CLIN 29 in Groningen

Examining Existing Information Extraction Tools on Manually-Annotated Protest Events in Indian News
Berfu Büyüköz, Ali Hürriyetoğlu, Erdem Yörük and Deniz Yüret

This study is done as part of an ongoing project that aims to identify a new welfare regime in emerging market economies and explain why it has emerged. To extract the needed information from a vast amount of news archives, we develop Information Extraction (IE) models.

Before building our models, we examine various existing outstanding IE toolkits including Stanford NER, NeuroNER, Spacy, PETRARCH and an event extraction tool created by BLENDER Lab. In this paper, we report a detailed evaluation of the tools.

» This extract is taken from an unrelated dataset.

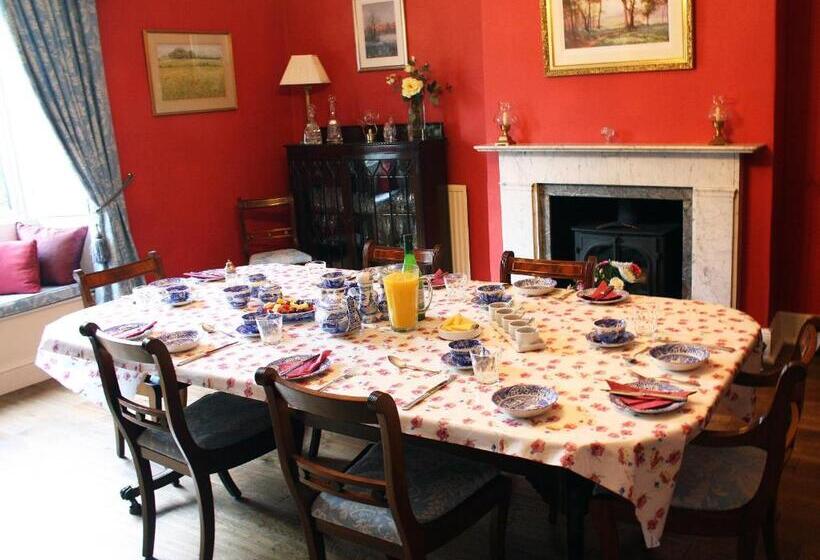 住宿加早餐  Willow Tree Farm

India is one of the countries that have emerging market economies. Therefore, we used a manually annotated 116 Times of India news texts as our test data. For comparison, we also tested the tools on ACE2005 and CoNLL2003 datasets.

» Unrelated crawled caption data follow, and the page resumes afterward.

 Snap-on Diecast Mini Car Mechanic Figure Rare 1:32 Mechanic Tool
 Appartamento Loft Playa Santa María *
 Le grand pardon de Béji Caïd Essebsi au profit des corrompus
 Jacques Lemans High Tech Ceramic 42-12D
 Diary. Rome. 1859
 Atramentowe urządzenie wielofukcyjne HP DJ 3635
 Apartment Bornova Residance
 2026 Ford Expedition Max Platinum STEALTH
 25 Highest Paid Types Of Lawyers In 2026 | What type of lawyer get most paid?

The English used in Times of India news texts can be seen as a variety of English, developed out of quite different events, people and places. These variations unavoidably bring differences in the usage of English, as well as the context.

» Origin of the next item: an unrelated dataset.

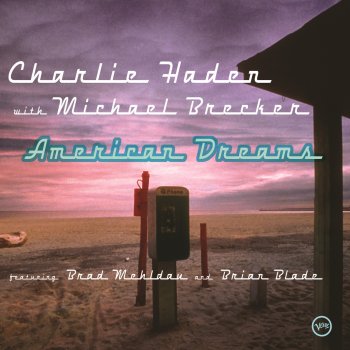 Charlie Haden Sotto Voce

These experiments help us test the usability of the tools, compare different modeling approaches with each other, such as rule-based and neural-based. And most importantly, we demonstrate how well existing tools perform on a variety of English instead of frequently used mainstream native English data, i.e., how generalizable they are. We believe analyzing power and weaknesses of what we have as NLP community is the key to build better systems.